Because I do think that we feminists tend to practice feminism on a Christian framework. Just as the common understanding of Christianity is that everyone’s a sinner and that redemption is possible only through the outside intervention of some miraculous force, that no one deserves to be saved, no one can be sure for sure if they are saved, that one must put Christianity first in every facet of his life, and that one should, even if one can’t know if he’s saved (since no one is worthy of salvation), act like one deserves to be saved, we practice feminism the same way. Everyone is irredeemably tainted by the patriarchy. You might not feel like a sinner, excuse me, a person tainted by the Patriarchy, but, if we examine you closely enough, we will find instances of you falling short of what you should be doing, thus indicating your overall fallen nature. We should accept misery now, because all earthly pleasure is tainted with the possibility of enticing one to sin or enticing one to accept some patriarchal standard that hurts other women.

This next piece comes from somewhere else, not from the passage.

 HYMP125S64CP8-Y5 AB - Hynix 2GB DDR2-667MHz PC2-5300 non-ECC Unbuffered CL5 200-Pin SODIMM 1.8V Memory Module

Because, oh yes, just like the common understanding of Christianity makes us each responsible for the salvation of the souls of our neighbors, we seem to believe that we feminists are each responsible for the feminism of our fellow women. Like a good exorcist, we must put the girl in the bed and stand around her and see if how she looks or what she does reveals some hidden evil lurking deep inside her.
Here’s the thing I have to say, which will probably result in me getting kicked out of feminism for good, but I’m going to say it anyway. Feminism does not need martyrs. We do not need a bunch of women who sacrifice their own happiness for the good of us all.
We, of course, need women, we need us to be willing to demand justice, to work for it, even if we might not live to see it implemented.
But that’s not the same thing as martyrdom. Working for justice is different than sacrificing one’s own happiness. The sooner we learn that, the better.
Because here’s the other thing–you can stop looking for the taint of the patriarchy on every little thing. Everything is tainted by the patriarchy. It is always already tainted by the patriarchy, long before any feminists get there to point it out. All the good shit is already tainted, but folks, even the stuff that sucks is tainted.
Pain, suffering, and self-sacrifice is not indicative of purity. THAT is a myth that results from us using the framework of Christianity for our movement. And that’s a myth that greatly benefits the current power structure.
It doesn’t make you a better person because you’re willing to suffer and give up all the shit you used to enjoy back before you became enlightened by feminism. Because it’s not just the stuff you enjoyed that’s tainted. Even the stuff you hate, that you do because it sucks and makes you feel righteous, is tainted.
Rather than continuing to rely on a framework that rewards suffering and conformity, and continuing to deny ourselves stuff that feels good, because it’s not good for us, we’ve really got to find a new framework.
A new way to engage with the world and engage with each other. One that can reclaim the things that give us pleasure, instead of clinging to the things that make us miserable.